- Requirement -
Return the data below exactly, minus the pictures.

- Data below -
=== Section Start ===

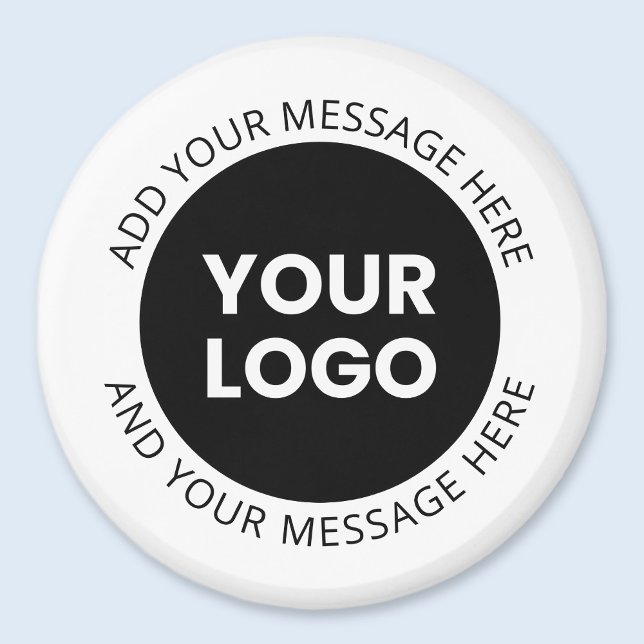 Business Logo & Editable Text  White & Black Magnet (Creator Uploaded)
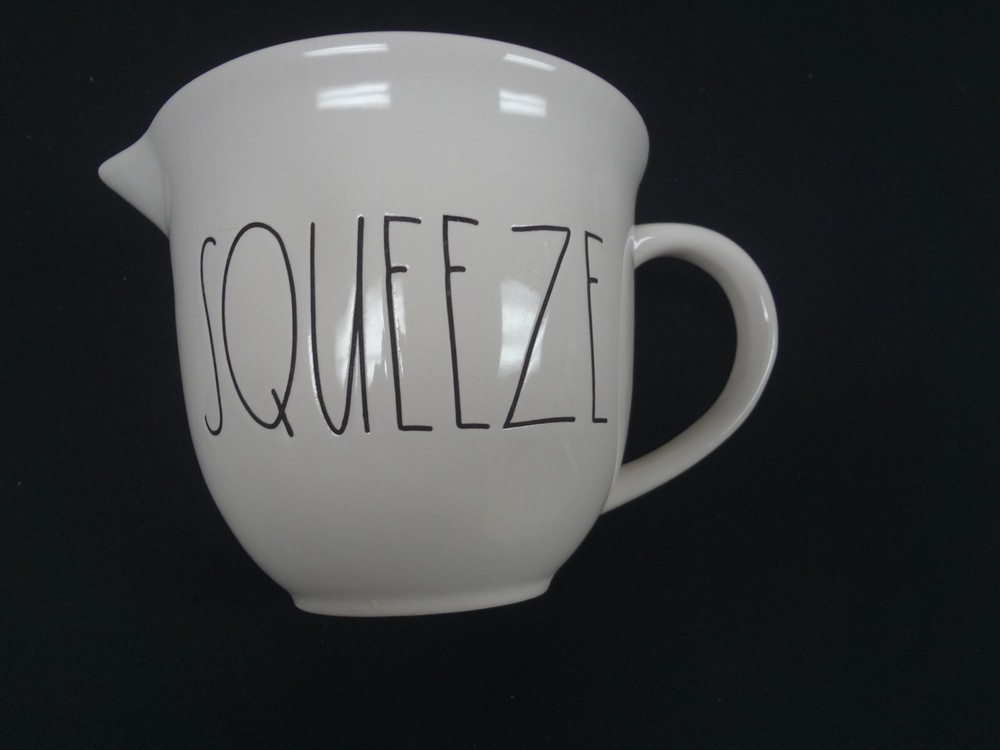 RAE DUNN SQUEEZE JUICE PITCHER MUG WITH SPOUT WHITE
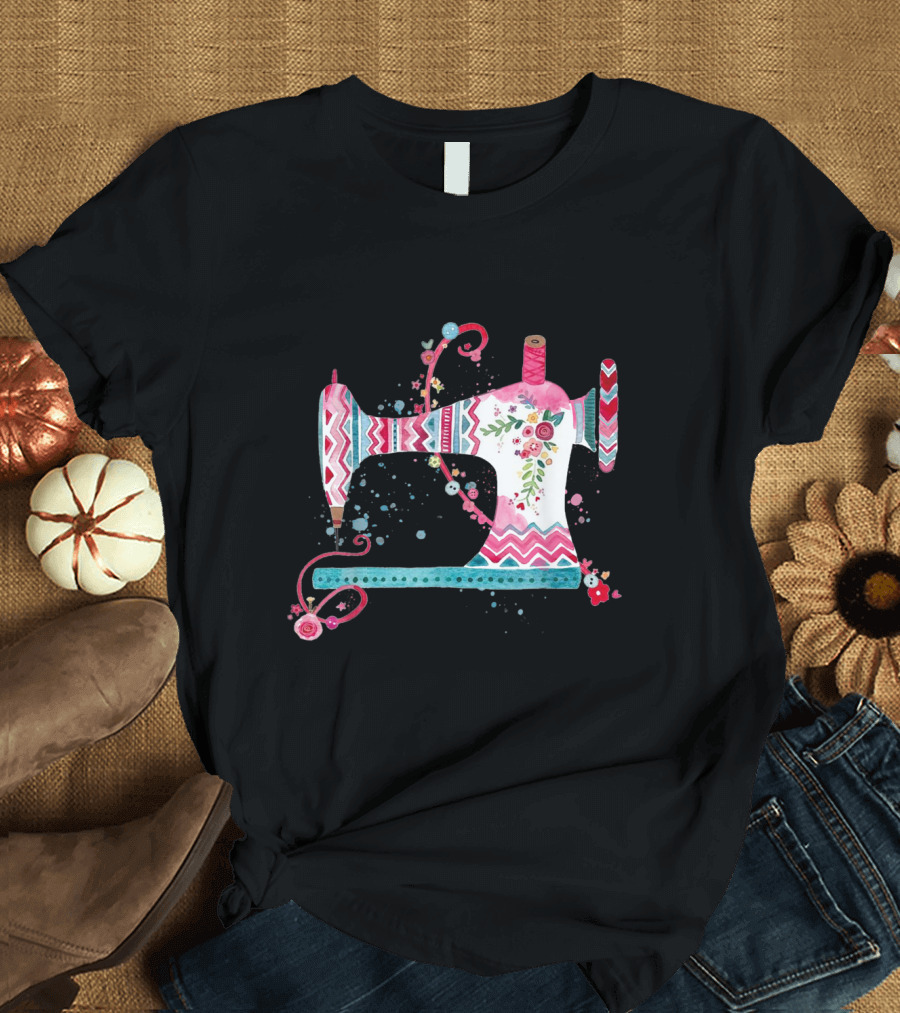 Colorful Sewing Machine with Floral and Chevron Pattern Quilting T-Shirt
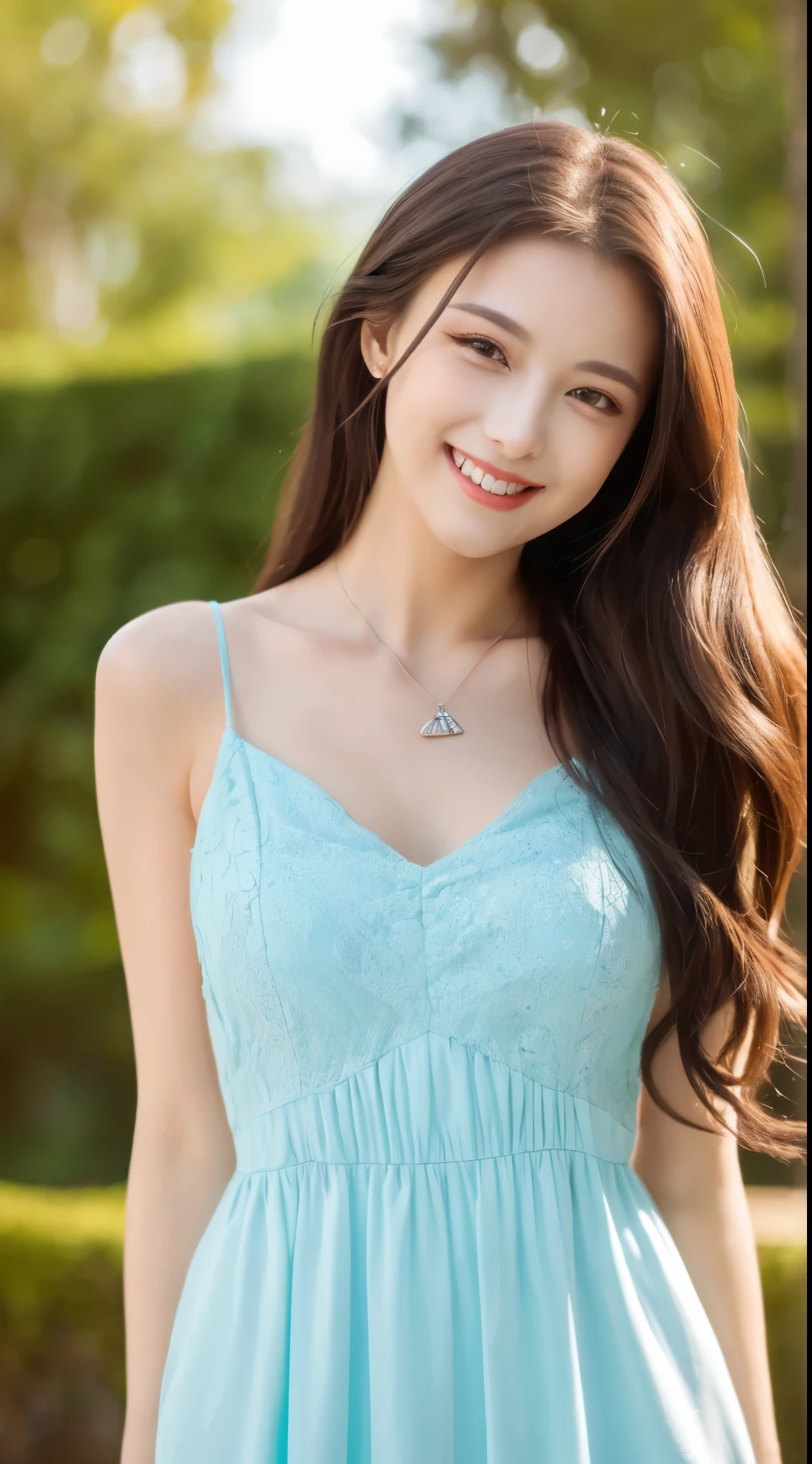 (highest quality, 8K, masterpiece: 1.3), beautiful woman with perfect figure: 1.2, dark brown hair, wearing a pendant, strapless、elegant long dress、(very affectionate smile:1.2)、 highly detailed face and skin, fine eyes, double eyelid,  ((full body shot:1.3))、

=== Section End ===

- Answer section -
 Business Logo & Editable Text  White & Black Magnet (Creator Uploaded)
 RAE DUNN SQUEEZE JUICE PITCHER MUG WITH SPOUT WHITE
 Colorful Sewing Machine with Floral and Chevron Pattern Quilting T-Shirt
 (highest quality, 8K, masterpiece: 1.3), beautiful woman with perfect figure: 1.2, dark brown hair, wearing a pendant, strapless、elegant long dress、(very affectionate smile:1.2)、 highly detailed face and skin, fine eyes, double eyelid,  ((full body shot:1.3))、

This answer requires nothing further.